Stored items
▬▬▬
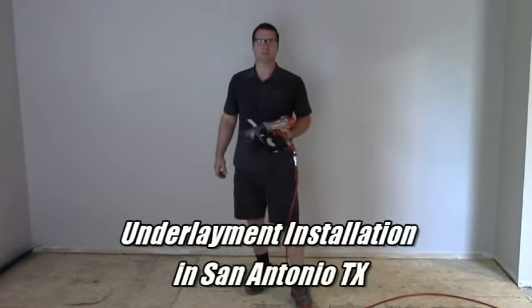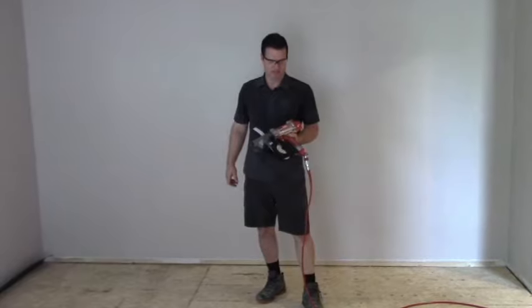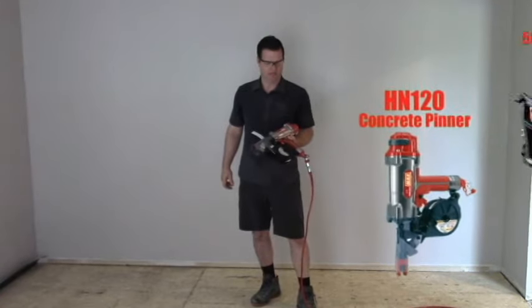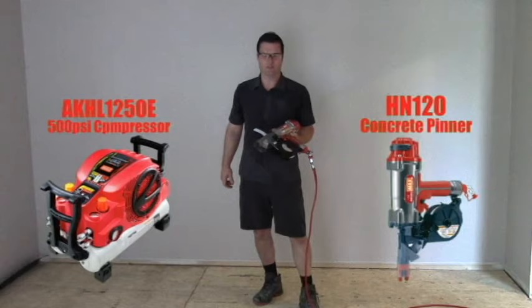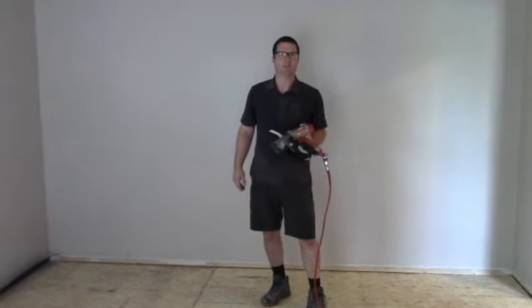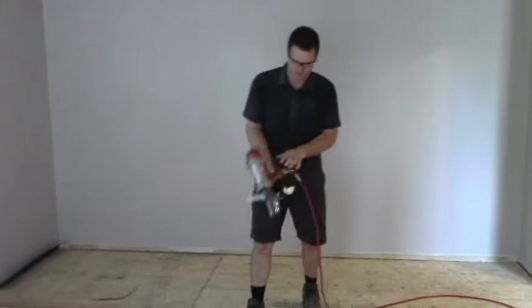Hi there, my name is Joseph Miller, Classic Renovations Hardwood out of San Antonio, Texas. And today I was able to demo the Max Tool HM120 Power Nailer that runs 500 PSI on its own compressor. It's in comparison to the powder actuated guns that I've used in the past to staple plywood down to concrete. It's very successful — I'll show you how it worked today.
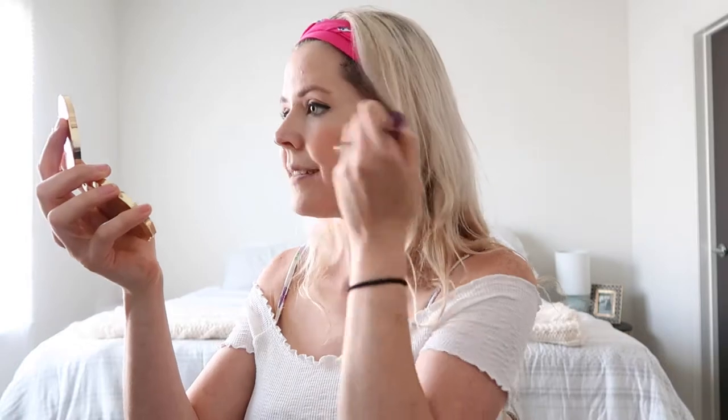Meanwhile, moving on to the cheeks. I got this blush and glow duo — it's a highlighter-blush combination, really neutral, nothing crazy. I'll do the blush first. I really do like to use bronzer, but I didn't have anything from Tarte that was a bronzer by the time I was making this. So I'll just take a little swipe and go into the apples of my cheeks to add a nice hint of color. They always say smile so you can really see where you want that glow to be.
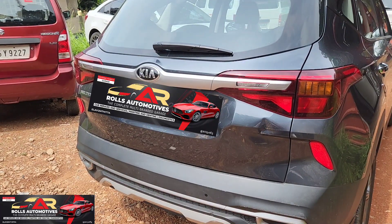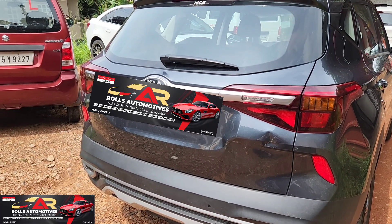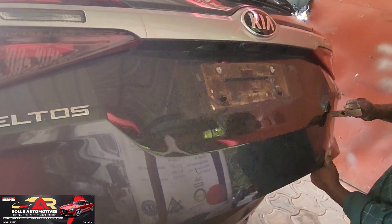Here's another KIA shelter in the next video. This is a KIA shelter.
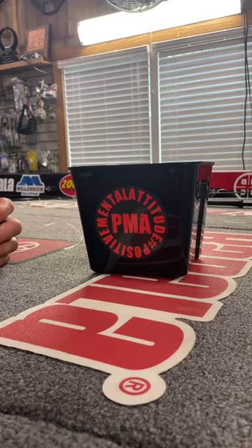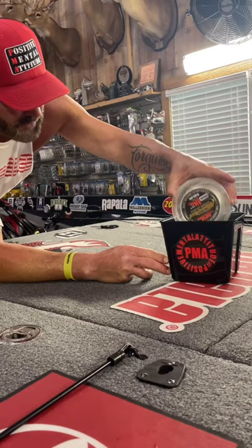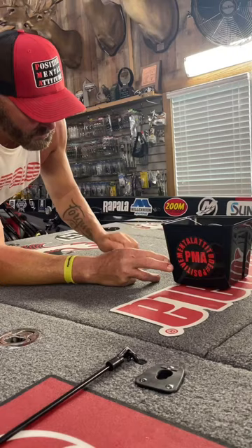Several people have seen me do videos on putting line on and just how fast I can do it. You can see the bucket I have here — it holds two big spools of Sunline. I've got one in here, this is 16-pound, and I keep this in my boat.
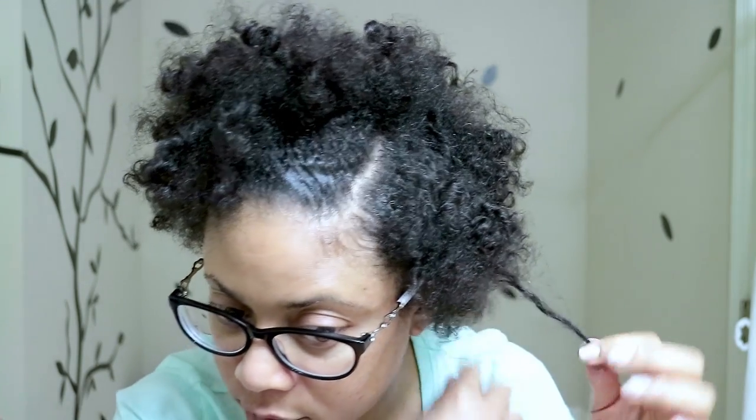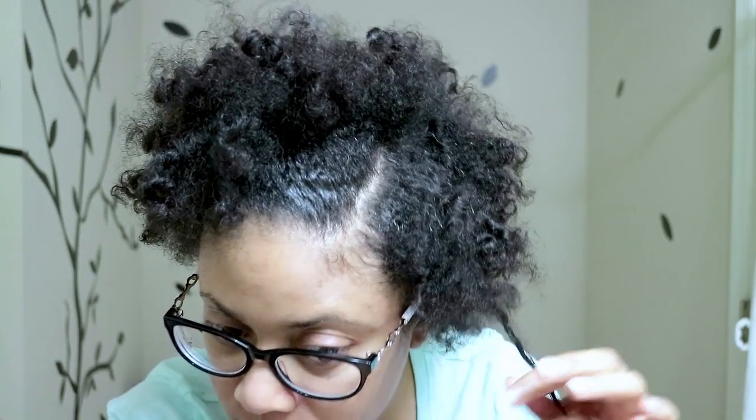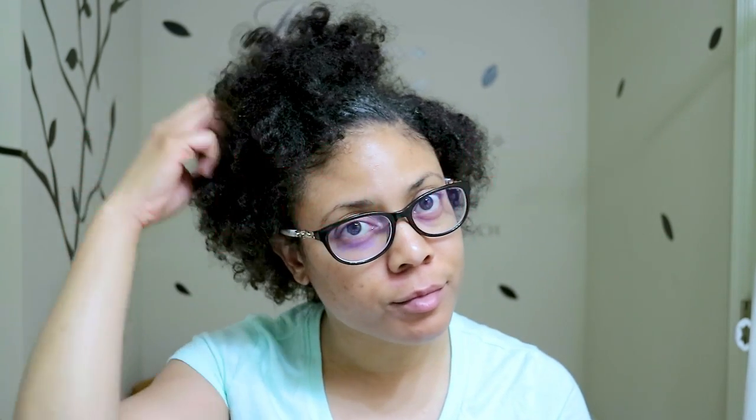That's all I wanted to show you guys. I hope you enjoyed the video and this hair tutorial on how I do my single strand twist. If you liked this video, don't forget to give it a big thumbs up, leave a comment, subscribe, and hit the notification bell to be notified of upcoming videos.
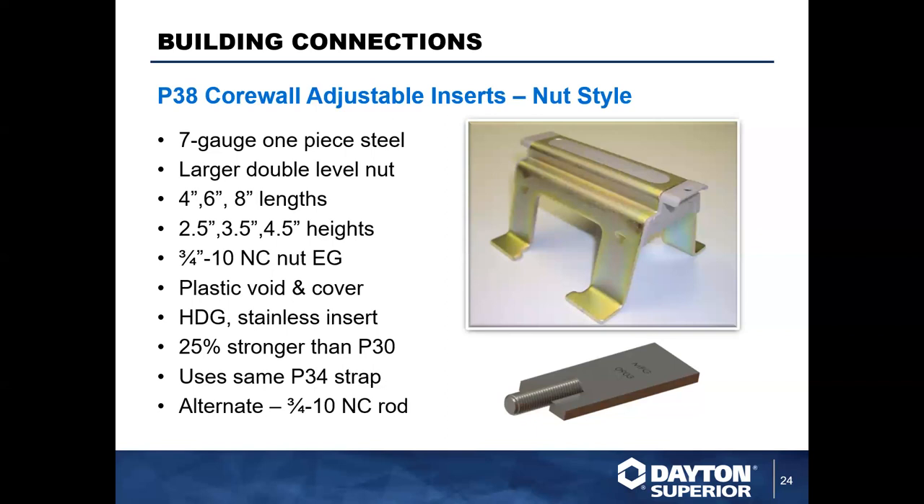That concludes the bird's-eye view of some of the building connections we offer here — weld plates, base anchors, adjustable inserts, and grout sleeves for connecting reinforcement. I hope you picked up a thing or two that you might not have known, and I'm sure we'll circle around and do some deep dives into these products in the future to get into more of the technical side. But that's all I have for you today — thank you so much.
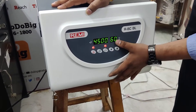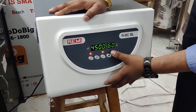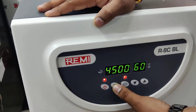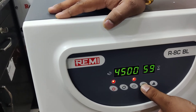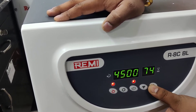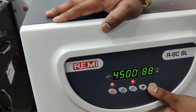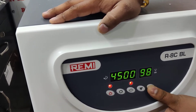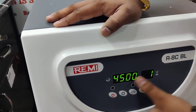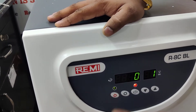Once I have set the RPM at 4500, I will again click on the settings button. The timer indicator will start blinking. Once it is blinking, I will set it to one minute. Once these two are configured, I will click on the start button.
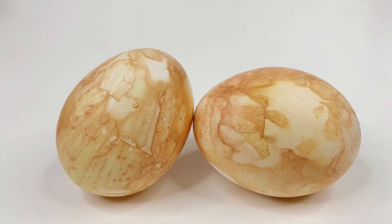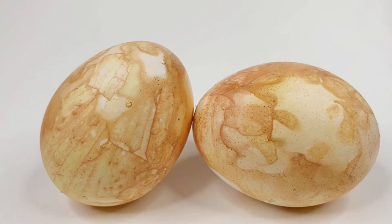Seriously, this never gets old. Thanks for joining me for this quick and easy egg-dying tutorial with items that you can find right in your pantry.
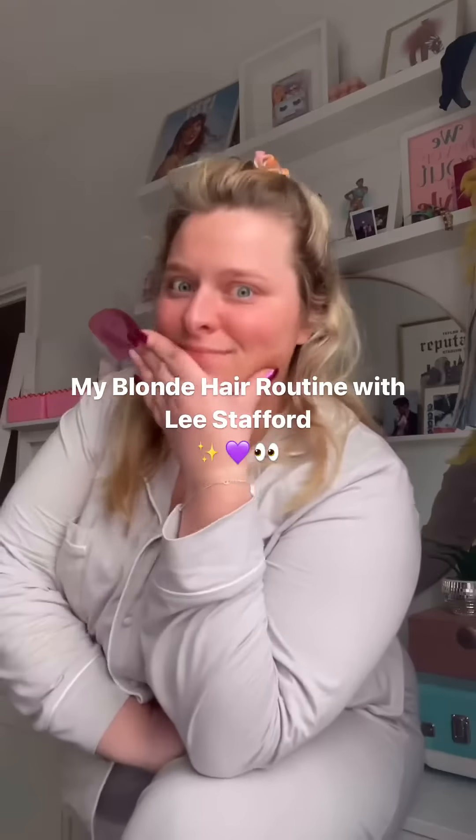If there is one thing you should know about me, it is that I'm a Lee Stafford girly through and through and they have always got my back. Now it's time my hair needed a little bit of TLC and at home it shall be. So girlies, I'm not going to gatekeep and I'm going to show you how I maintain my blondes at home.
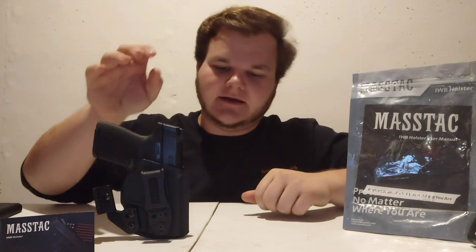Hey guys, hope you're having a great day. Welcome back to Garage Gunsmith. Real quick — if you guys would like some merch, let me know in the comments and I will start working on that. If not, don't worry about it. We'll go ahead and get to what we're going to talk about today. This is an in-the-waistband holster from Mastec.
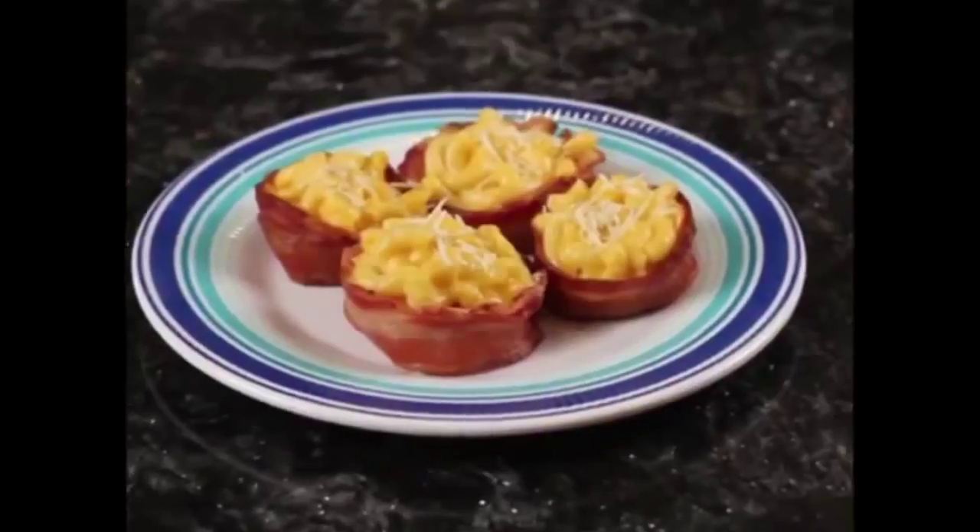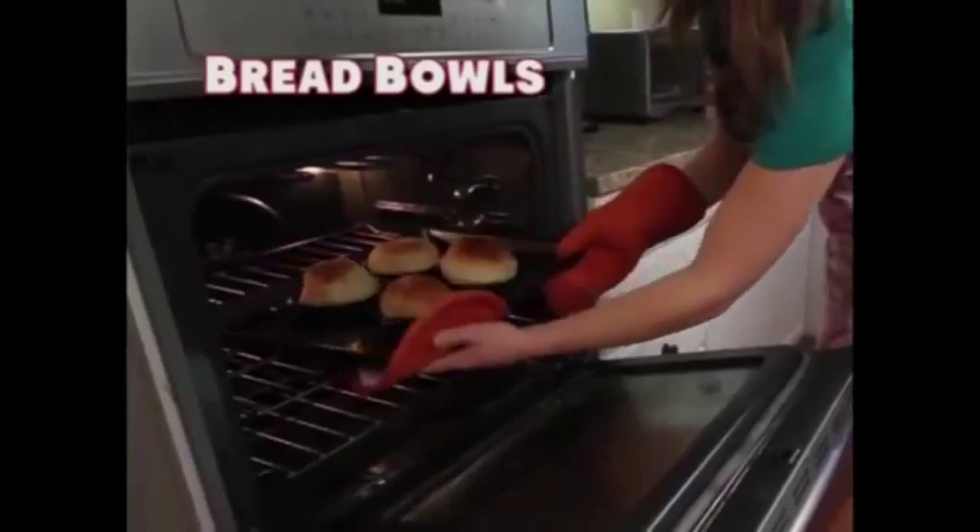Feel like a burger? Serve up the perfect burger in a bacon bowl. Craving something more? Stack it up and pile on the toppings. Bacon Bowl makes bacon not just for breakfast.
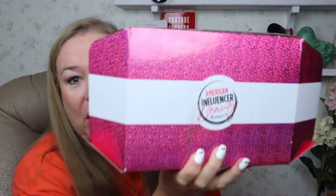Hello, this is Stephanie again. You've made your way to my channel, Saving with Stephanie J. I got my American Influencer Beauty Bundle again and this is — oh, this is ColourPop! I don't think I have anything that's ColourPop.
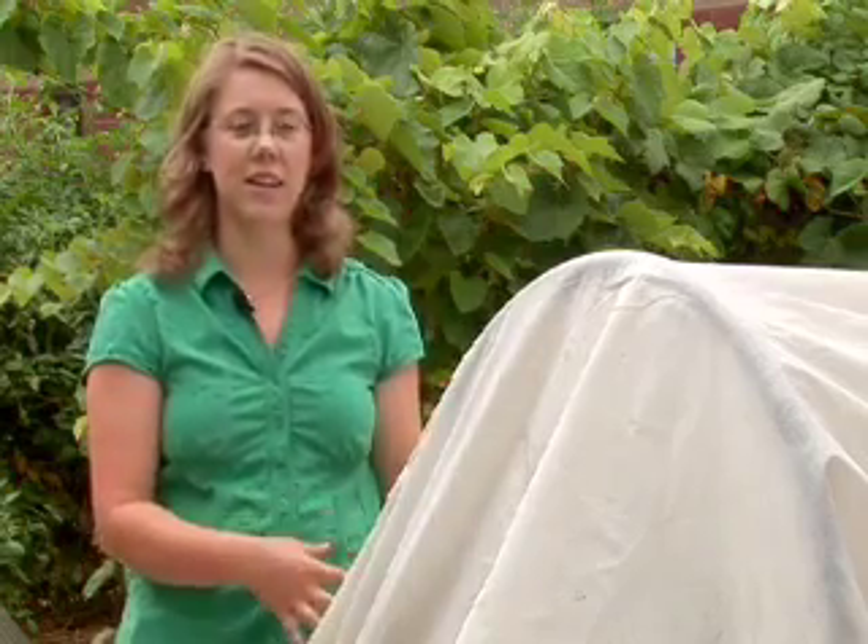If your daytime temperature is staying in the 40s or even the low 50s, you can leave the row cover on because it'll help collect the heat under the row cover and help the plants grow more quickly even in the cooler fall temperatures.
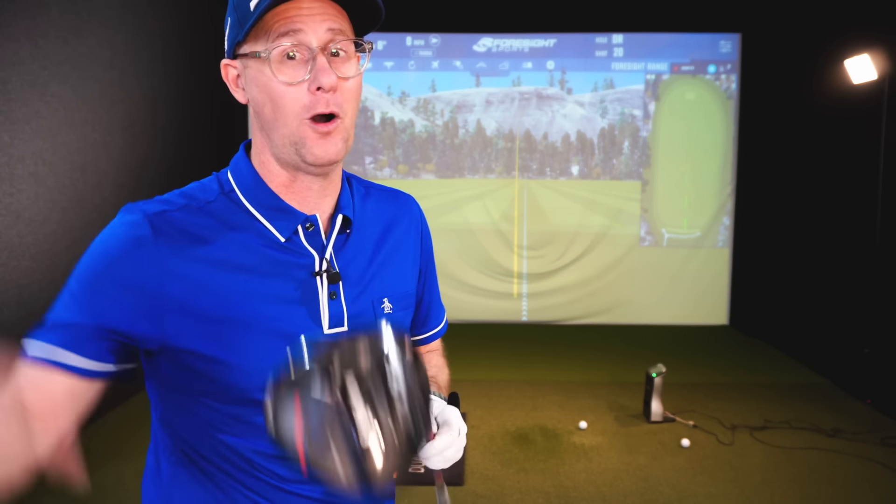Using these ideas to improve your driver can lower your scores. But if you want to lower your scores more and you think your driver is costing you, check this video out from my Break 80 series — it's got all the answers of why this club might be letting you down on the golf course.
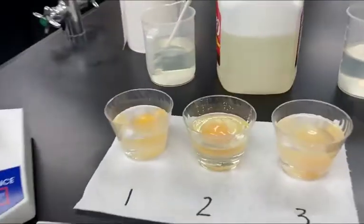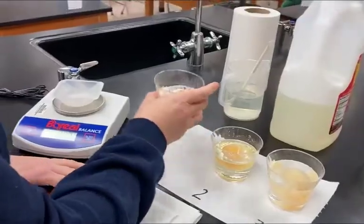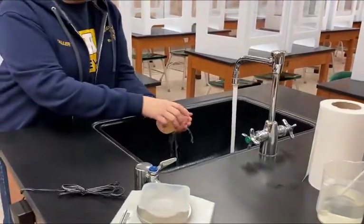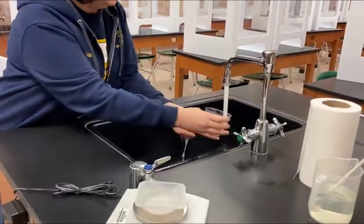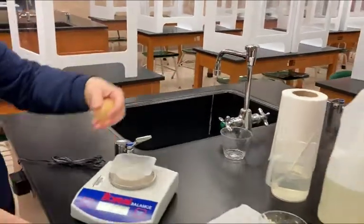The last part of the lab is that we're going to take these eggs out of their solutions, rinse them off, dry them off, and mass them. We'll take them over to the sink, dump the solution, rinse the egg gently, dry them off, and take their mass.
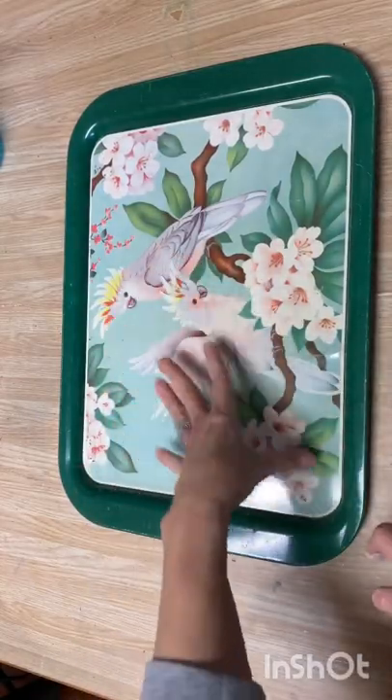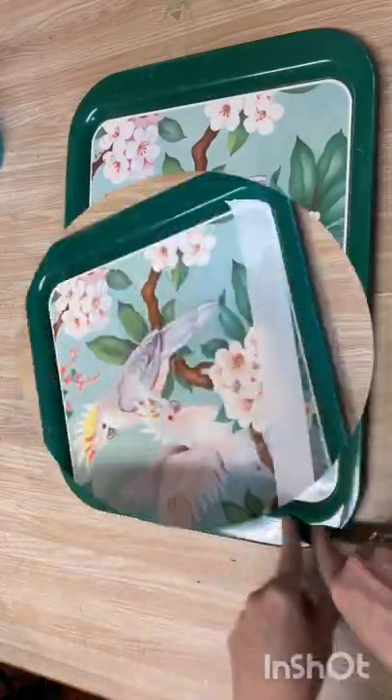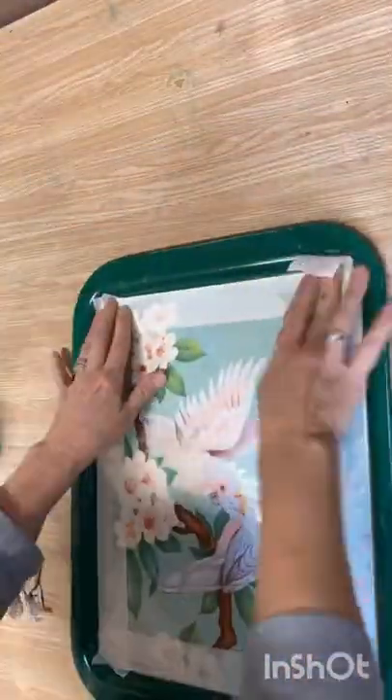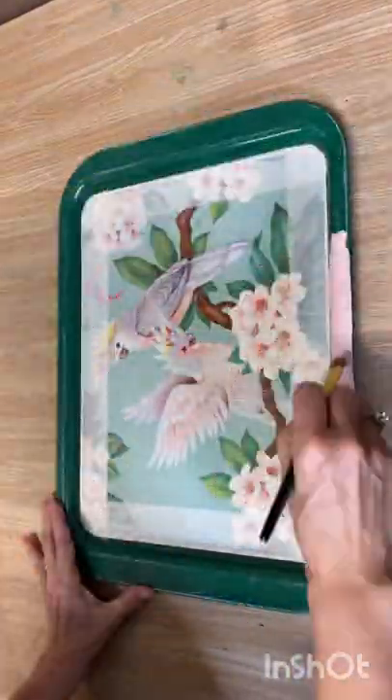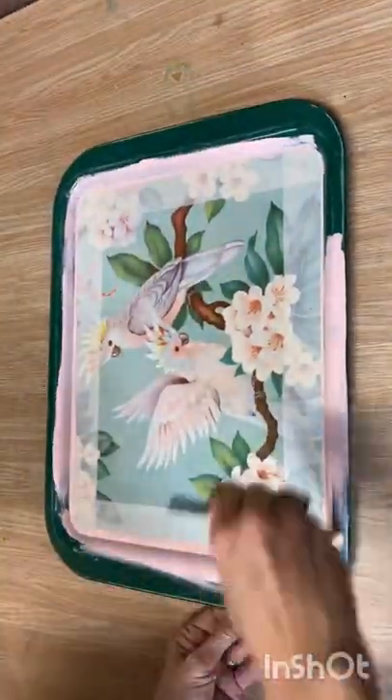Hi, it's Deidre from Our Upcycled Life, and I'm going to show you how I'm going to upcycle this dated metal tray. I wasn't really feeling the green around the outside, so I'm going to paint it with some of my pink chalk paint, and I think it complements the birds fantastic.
▬▬▬
Instructions for the task :: Each line from the one that contains "That's all I wanted" down to the one that contains "That concludes the" is to be returned exactly as it stands above, both ends included, with pictures removed.

Task answer ::
That's all I wanted to show you guys. I hope you enjoyed the video and this hair tutorial on how I do my single strand twist. If you liked this video, don't forget to give it a big thumbs up, leave a comment, subscribe, and hit the notification bell to be notified of upcoming videos.
That concludes the bird's-eye view of some of the building connections we offer here — weld plates, base anchors, adjustable inserts, and grout sleeves for connecting reinforcement. I hope you picked up a thing or two that you might not have known, and I'm sure we'll circle around and do some deep dives into these products in the future to get into more of the technical side. But that's all I have for you today — thank you so much.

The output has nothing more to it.